Product Description
By 1945, the U.S. Navy's submarine force in the Pacific had sunk over a thousand enemy cargo ships and tankers supplying the food, weapons, and oil Japan needed to continue to fight. Yet this once mighty merchant fleet continued to thrive in the Sea of Japan, where, protected from American submarines by a seemingly impenetrable barrier of deadly minefields, they provided a tenuous lifeline for the Japanese.
With no knowledge of the secret development of the atomic bomb, senior American sub force commanders, desperate to avoid an invasion of the home islands, believed that if these enemy ships, vitally important to the enemy's war effort, were sunk, Japan would be forced to surrender.

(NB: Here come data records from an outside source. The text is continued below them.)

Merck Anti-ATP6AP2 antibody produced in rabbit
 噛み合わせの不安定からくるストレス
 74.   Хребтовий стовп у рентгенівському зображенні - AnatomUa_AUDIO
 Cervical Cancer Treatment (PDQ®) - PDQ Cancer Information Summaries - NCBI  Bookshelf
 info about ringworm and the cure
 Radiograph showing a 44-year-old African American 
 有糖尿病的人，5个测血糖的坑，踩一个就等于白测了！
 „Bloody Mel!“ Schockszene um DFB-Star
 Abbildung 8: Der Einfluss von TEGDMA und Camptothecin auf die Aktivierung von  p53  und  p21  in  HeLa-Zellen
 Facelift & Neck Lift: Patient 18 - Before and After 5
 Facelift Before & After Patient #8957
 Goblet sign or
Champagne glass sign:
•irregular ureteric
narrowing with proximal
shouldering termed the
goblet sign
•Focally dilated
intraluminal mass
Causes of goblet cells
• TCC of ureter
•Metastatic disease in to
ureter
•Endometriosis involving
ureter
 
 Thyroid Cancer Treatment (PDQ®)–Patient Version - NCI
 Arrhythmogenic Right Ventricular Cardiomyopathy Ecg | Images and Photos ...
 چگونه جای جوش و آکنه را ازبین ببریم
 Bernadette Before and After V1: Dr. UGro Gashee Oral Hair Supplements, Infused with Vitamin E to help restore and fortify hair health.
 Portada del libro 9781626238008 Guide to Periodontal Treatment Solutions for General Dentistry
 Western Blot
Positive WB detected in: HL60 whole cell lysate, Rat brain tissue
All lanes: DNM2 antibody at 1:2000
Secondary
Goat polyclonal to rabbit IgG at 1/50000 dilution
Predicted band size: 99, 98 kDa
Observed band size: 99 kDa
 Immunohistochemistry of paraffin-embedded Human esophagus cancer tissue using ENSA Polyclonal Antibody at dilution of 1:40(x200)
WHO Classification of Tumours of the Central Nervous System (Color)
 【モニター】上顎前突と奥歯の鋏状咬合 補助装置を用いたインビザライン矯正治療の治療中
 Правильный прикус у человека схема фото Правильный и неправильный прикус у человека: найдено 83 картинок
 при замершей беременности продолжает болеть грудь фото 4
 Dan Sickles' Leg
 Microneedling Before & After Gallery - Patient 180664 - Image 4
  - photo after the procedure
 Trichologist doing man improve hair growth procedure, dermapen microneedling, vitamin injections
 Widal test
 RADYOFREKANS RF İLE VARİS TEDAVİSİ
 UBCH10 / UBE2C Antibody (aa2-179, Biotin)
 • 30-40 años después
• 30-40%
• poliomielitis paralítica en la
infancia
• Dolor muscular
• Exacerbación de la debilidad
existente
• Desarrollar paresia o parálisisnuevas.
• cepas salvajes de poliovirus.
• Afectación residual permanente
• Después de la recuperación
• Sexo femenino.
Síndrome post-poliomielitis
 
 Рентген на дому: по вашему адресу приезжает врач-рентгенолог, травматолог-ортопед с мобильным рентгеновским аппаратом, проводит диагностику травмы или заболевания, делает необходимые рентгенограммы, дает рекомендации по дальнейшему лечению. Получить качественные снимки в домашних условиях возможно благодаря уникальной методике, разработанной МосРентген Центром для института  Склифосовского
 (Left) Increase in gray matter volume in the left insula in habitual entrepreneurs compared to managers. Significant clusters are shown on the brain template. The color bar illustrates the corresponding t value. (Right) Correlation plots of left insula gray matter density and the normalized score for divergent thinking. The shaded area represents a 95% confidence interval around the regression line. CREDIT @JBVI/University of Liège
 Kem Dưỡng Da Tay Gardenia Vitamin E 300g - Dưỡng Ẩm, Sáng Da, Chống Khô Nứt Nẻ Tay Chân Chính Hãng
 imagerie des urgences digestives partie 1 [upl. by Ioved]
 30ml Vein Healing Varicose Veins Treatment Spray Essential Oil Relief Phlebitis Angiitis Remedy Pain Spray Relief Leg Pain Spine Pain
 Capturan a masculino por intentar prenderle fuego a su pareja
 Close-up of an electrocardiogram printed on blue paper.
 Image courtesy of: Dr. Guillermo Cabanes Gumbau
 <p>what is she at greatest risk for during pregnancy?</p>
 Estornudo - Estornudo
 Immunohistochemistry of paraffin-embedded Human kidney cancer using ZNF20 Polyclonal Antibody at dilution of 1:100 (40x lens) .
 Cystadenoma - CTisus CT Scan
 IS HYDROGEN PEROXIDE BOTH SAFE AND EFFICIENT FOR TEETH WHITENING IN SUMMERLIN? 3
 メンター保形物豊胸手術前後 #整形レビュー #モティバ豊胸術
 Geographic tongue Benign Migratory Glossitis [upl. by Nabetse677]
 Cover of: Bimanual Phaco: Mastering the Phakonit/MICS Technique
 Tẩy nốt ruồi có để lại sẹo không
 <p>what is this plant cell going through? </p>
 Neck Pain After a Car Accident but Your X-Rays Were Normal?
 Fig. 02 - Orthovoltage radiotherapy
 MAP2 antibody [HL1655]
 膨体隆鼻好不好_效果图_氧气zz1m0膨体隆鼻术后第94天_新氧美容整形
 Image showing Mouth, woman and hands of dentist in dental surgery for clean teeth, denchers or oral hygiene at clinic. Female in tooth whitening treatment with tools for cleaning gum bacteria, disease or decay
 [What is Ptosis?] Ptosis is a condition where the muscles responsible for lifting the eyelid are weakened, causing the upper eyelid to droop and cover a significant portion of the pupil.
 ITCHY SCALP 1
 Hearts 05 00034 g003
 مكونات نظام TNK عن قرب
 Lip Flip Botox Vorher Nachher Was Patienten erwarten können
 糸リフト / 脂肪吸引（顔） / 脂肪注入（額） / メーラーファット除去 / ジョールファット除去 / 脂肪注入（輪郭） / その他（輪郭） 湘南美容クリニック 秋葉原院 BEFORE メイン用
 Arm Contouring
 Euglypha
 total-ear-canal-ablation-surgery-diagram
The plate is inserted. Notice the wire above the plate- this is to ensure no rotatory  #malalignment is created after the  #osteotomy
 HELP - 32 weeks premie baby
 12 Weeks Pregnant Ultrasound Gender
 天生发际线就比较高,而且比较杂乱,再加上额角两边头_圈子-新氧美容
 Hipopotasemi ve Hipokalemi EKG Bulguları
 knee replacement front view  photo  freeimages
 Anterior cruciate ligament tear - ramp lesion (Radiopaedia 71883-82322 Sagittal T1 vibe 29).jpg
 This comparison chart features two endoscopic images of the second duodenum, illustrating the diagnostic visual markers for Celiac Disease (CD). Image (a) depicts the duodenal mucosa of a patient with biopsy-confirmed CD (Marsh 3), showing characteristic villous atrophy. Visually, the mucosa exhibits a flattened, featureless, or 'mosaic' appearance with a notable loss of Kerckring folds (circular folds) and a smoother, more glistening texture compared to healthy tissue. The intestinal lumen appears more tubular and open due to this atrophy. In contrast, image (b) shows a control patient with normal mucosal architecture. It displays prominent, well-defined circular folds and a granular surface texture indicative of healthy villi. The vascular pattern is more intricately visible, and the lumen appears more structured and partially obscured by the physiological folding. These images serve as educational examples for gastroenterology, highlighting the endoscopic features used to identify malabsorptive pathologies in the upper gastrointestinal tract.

For the first time ever, author Peter Sasgen tells the complete, incredible story of Operation Barney, the daring plot to penetrate the dense minefields protecting the Sea of Japan and decimate the enemy fleet. The brainchild of the dedicated sub commander Vice Admiral Charles Lockwood, the mission would hinge on a new experimental sonar system that would, with luck, guide American submarines safely past the mines and into the open sea.
The nine submarines chosen, nicknamed Hellcats, were tasked with the impossible—the combined crews of 760 submariners all knew their chances of survival were slim. Based on original documents and the poignant personal letters of one doomed Hellcat commander, Sasgen crafts a classic naval tale of one of World War II's most dangerous missions.